**What the task requires:**
Find the line in the entries below that contains "um quarto com". Repeat it exactly, and every line after it through the line that contains "Ragazza canta al microfono di schiena".

******************************

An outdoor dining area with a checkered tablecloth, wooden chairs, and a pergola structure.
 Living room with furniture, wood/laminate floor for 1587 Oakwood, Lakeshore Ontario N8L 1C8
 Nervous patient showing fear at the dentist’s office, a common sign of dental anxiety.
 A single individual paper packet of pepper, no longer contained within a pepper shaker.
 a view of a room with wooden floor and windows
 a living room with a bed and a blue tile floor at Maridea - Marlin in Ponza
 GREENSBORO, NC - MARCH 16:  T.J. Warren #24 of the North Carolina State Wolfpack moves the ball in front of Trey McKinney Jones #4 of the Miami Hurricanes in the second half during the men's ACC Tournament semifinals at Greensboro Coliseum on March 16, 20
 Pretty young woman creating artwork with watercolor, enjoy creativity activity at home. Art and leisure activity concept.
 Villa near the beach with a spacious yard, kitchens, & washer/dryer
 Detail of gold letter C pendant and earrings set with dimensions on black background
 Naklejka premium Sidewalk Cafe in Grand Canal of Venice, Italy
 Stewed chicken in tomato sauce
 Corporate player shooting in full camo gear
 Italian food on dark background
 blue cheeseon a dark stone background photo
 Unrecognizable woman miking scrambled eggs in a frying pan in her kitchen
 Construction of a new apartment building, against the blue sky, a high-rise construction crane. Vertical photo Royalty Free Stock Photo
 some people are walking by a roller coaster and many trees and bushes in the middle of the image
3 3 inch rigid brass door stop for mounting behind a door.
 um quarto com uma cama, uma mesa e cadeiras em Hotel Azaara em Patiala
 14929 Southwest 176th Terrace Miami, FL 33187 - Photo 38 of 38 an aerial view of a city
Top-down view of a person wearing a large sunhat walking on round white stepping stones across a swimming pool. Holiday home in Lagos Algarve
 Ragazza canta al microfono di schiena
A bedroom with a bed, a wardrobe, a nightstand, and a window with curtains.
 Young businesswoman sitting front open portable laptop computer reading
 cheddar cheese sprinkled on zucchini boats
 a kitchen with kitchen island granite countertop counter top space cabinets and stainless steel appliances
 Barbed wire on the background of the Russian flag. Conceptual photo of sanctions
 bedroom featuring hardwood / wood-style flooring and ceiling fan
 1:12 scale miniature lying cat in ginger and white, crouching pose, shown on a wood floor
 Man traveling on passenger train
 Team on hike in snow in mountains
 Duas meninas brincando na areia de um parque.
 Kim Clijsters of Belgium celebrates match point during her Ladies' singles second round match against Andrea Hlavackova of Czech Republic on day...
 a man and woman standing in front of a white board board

******************************

**The completed task:**
 um quarto com uma cama, uma mesa e cadeiras em Hotel Azaara em Patiala
 14929 Southwest 176th Terrace Miami, FL 33187 - Photo 38 of 38 an aerial view of a city
Top-down view of a person wearing a large sunhat walking on round white stepping stones across a swimming pool. Holiday home in Lagos Algarve
 Ragazza canta al microfono di schiena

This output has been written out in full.